To zacznę wytykanie minusów
- Entek leci sobie do kuli i tam bam zli obcy (moze to gatunek 8472, nie wiem ale pewnie nie ale moze jacys sąsiedzi od nich albo kuzyni) postanawiają przeszkodzic Entkowi w zniszczeniu kul i w tym celu zwiększaja działanie anomali wokół kuli .... Ale nasz dzielny doktorek syntezuje jakis preparat który wpuszcza do obiegu powietrza (?) Entka. niestety nasz super doktorek nie wymyślił zabezpieczenia przed "rozlatywaniem sie skóry". Ale nie ma sie co przejmować po jednym dniu wszyscy i tak sie wyleczyli.

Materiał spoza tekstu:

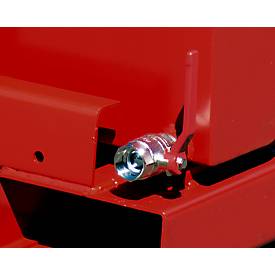 Mini-Spänebehälter Typ EXPO-E 275, Seilzug-Kippvorgang, Inhalt 0,275 m³, bis 750 kg, feuerrot RAL 3000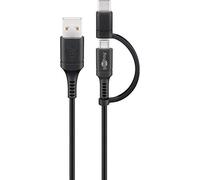 GOOBAY 71892 - CâbleUSB 2.0, ficheA vers fiche microB/C 2-en-1, 1m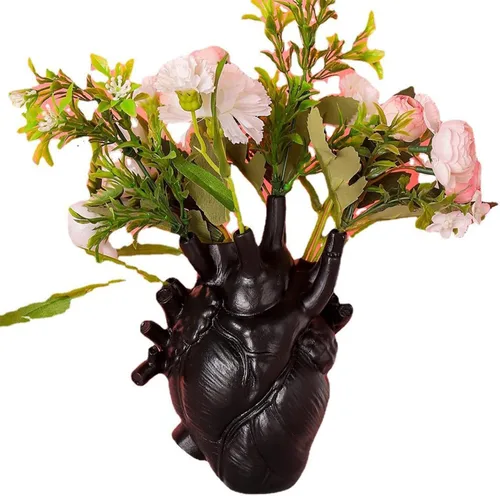 Vista 9 de Florero anatómico con forma de corazón, florero creativo de corazón humano, florero de resina, adorno de escritorio, escultura de resina, estante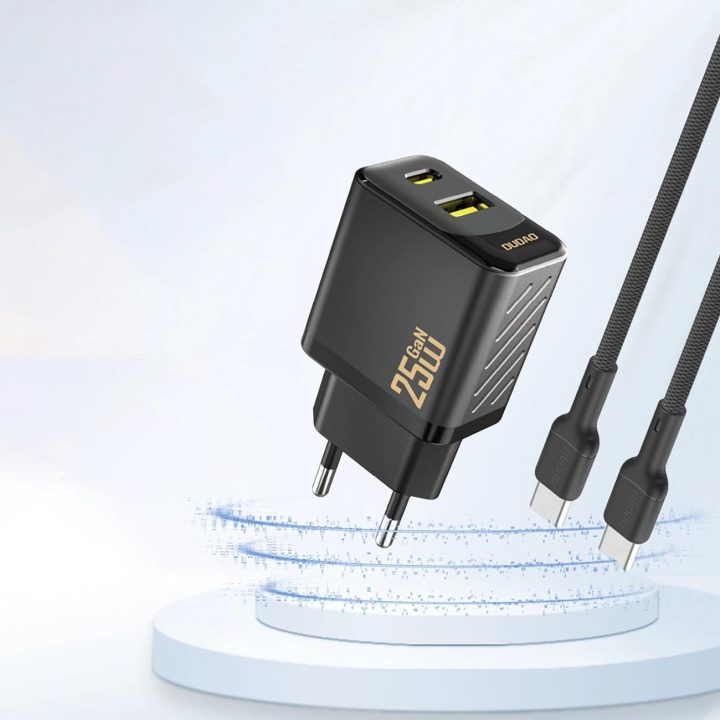 25W GaN įkroviklis (USB-A, USB-C) – juodas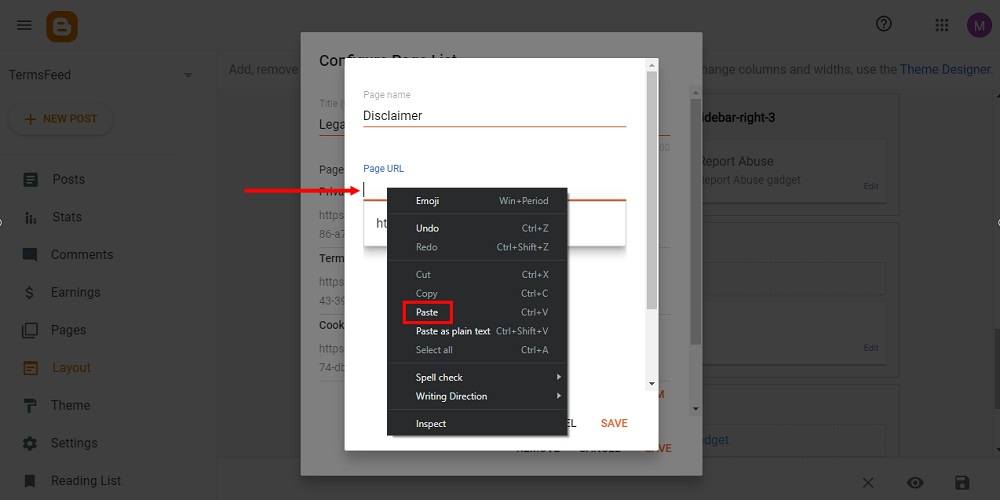TermsFeed Blogger: Layout - footer - Legal Pages Gadget - New Item - Disclaimer URL - Paste highlighted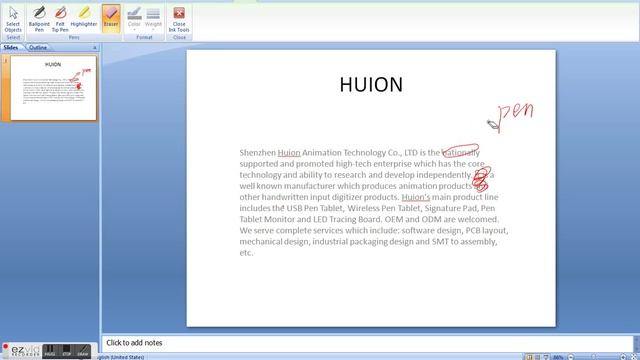 Draw/Sign/Annotate at Powerpoint with Huion Graphics Tablet смотреть онлайн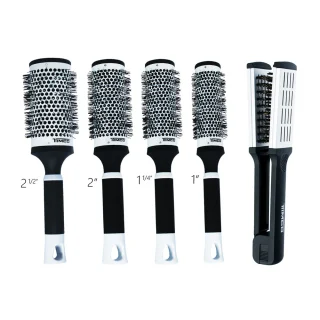 Kit Combo 5 en 1 con 4 Cepillos Redondos Térmicos Cerámica y 1 Cepillo Térmico Alaciador Uso Profesional Timco COM-CCR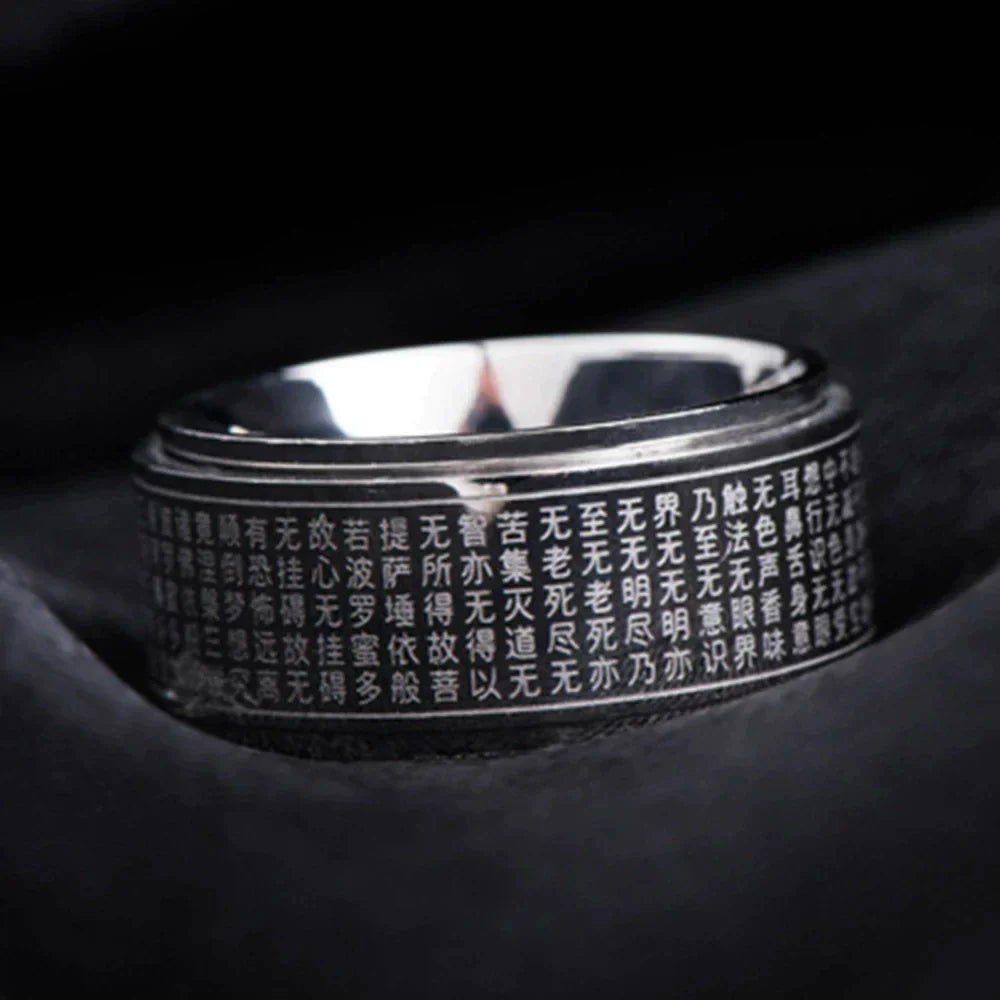 Schwarzer Edelstahlring mit chinesischen Schriftzeichen, Herrenring, modisches Accessoire.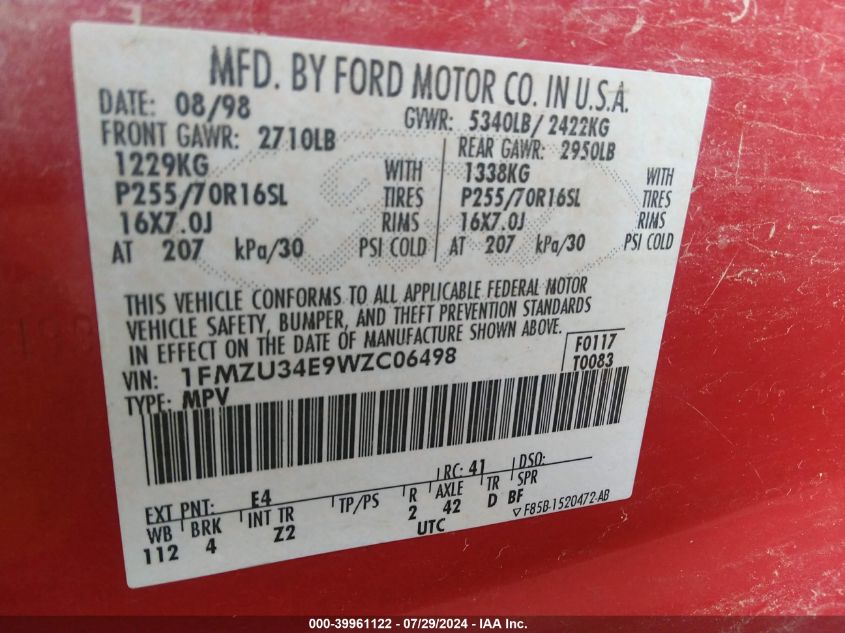 1998 Ford Explorer VIN: 1FMZU34E9WZC06498 Lot: 39961122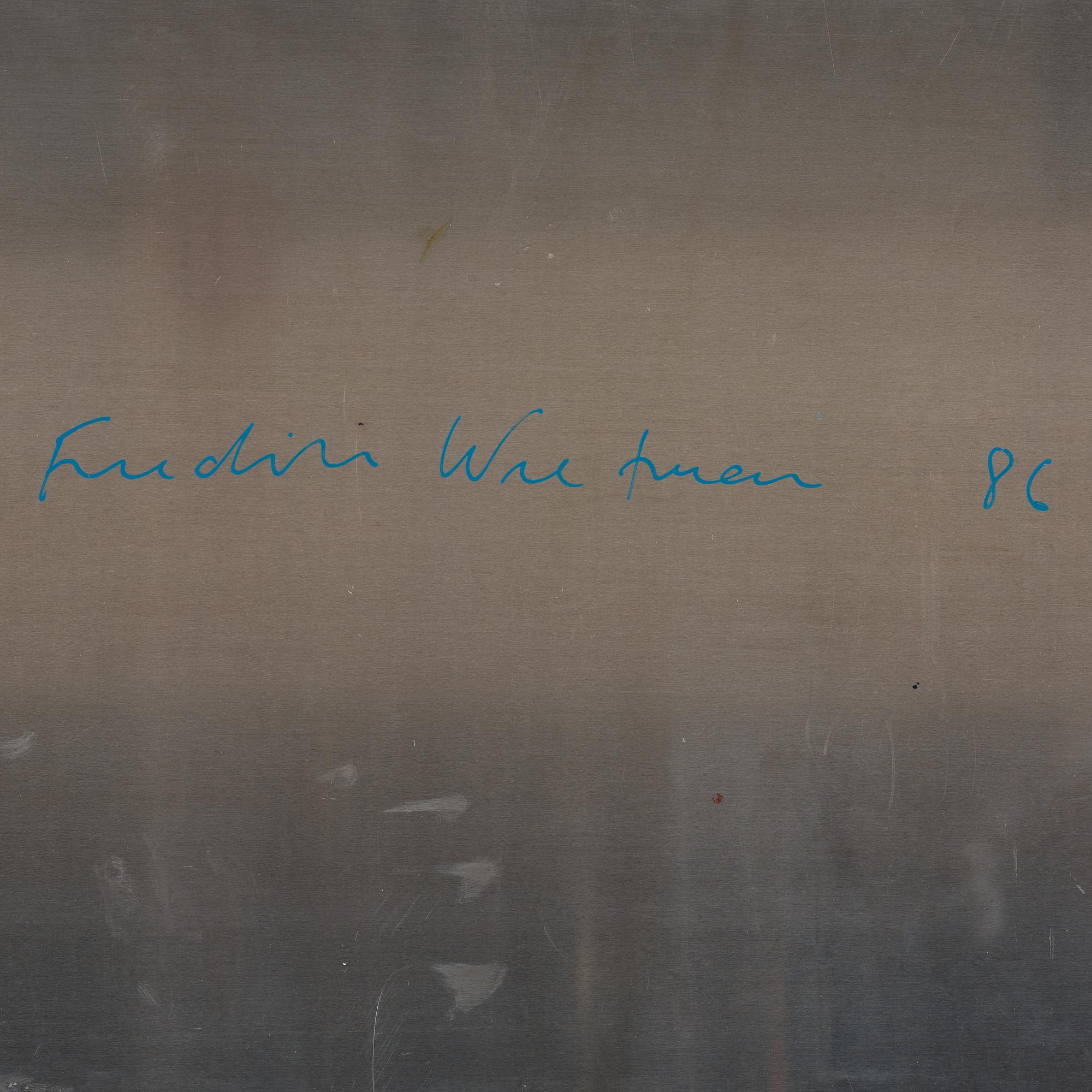 Fredrik Wretman, polyptyk 4 delar, olja på plåt, signerade och daterade -86 a tergo.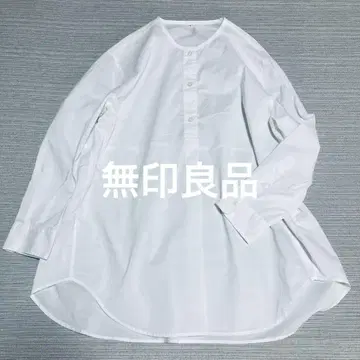 새상품급 무인양품 MUJI 건조하기 쉬운 긴팔 브로드 셔츠 튜닉 L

- w tym samym momencie dowiadujemy sie, ze Entek ma morderczy deflektor który o ile mi wiadomo nigdy nie był używany ale co najciekawsze ma moc porównywalną z Voyagerem czy innymi Federacyjnymi okrętami z późniejszych czasów ....
- źli obcy powinni by przeszkodzic uderzyc na mostek a nie jak barany wszyscy polecieli do maszynowni - absurd, z taktycznego punktu widzenia mając za soba efekt zaskoczenia uderzaja i na maszynownie i na mostek róznocześnie - przynajmniej ja bym to tak zaplanował
Przejdzmy teraz do przygód Archera ....
- leci sobie małym stateczkiem Degry, meczy biedną Hoshi a ona nie za bardzo chce współpracowac, do tego Malcolm i jego wywody, że to moze zabic Hoski .... bueeee taka ranna to ona nie jest skoro potem na kuli pomaga Archerowi i porusza sie i zachowuje jakby nic ja nie bolało ....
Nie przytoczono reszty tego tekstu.